Schon seit jeher erstellte und gebrauchte der Mensch Karten um zu planen, zu navigieren und sich zu orientieren. Seit der frühen Neuzeit bildete die Kartografie, als Visualisierung räumlichen Wissens, hauptsächlich massstäblich verkleinerte Gebiete und Objekte möglichst analog zur Wirklichkeit ab. Harry Beck schuf 1933 mit seinem schematischen Liniennetzplan der Londoner U-Bahn eine neue Generation Karte: Statt der genauen geografischen Position wurde die Beziehung der Haltestellen untereinander hervorgehoben.
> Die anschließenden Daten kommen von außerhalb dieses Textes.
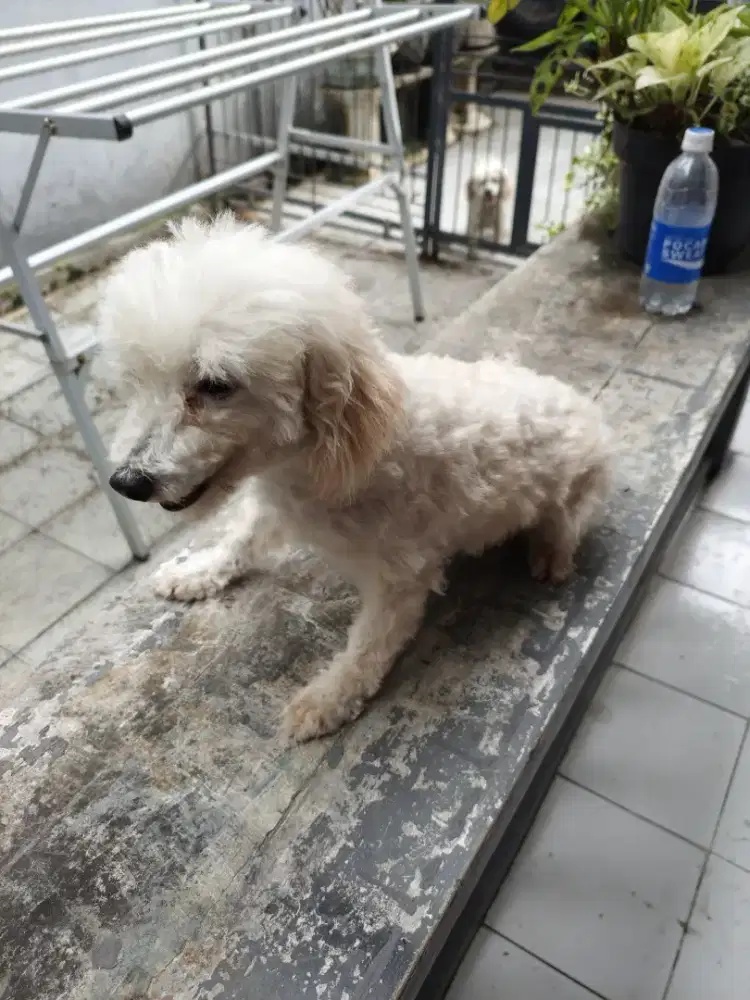 Induk Poodle betina free kandang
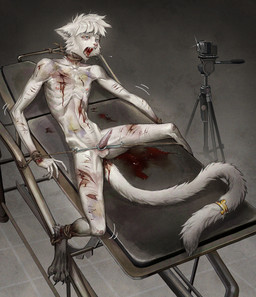 5_fingers abuse accessory animal_genitalia animal_penis anthro arms_tied asphyxiation balls biped black_markings blood bodily_fluids bound camera cheek_tuft claws cock_and_ball_torture collarbone crying digitigrade emaciated erection facial_tuft fingers front_view frown fully_bound furgonomics genital_torture genitals gore gore_focus head_tuft immobilization jewelry leg_markings legs_tied lying male markings motion_lines nipples nude on_back open_mouth pain penis pink_nose ribs ring rope skinny skinny_anthro skinny_male snout socks_(marking) solo starvation submissive submissive_male tail tail_accessory tail_jewelry tail_ring tears teeth tied_to_bed toe_claws tongue torture tuft white_body wishbone_mouth wounded frank-79 alexis_(hacken) domestic_cat felid feline felis mammal 2022 hi_res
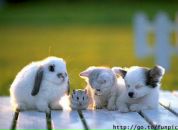 Фотография Пуртовой Аниты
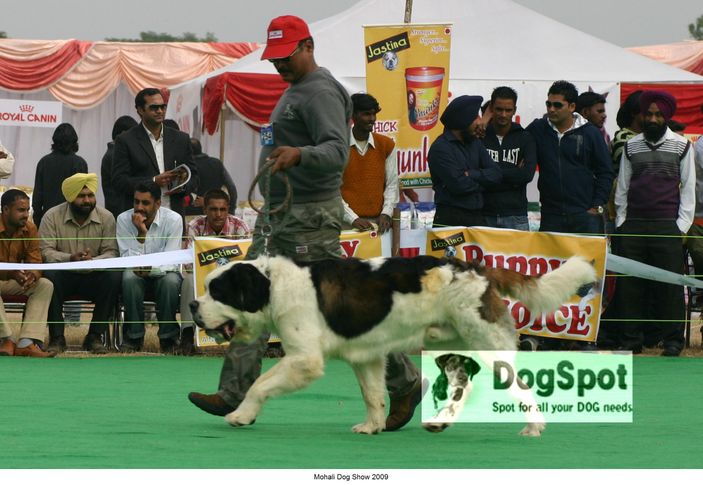 St Bernard,, Mohali Dog Show, DogSpot.in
Heute im Informationszeitalter gebrauchen wir teils Karten, die gar keinen räumlichen Bezug mehr haben. Es werden Informationen, Zusammenhänge oder Strukturen abgebildet, die nicht mehr physisch, dafür in ihrer Wirkung und Wesenheit vorhanden sind. In diese Kategorie fällt beispielsweise das Abbilden von Netzwerken, vor allem das sozialer Beziehungen. Eine solche (kognitive) Karte unterscheidet sich in einem zentralen Punkt von einer herkömmlichen (analogen) Karte:
Bei einer geografischen, aber auch topografischen Karte bleibt die Darstellung unabhängig vom Standpunkt des Betrachters gleich, da er immer von oben - oder besser - von aussen auf das Abzubildende schaut. Die kognitive Karte bildet Strukturen nur scheinbar so objektiv wie die Raumdarstellung der Kartografie ab. Eigentlich ist es ein sehr subjektiver Prozess, bei dem sich die Darstellung je nach Position innerhalb der Karte verändert. Man kann eine solche Karte folglich nicht absolut und von aussen betrachten, sondern muss immer die Relation zu einem Standpunkt beachten. Beispielsweise belegen Karten von Verschwörungstheoretikern immer ihre Verschwörungstheorie, weil sie von dieser Auffassung der Begebenheiten aus erstellt wurden.
Was mich interessiert ist, wie sich durch grafische und strukturelle Veränderung der Karte eine Verschiebung des Standpunktes erwirken lässt, und inwiefern sich dadurch die Aussage der Karte ändert.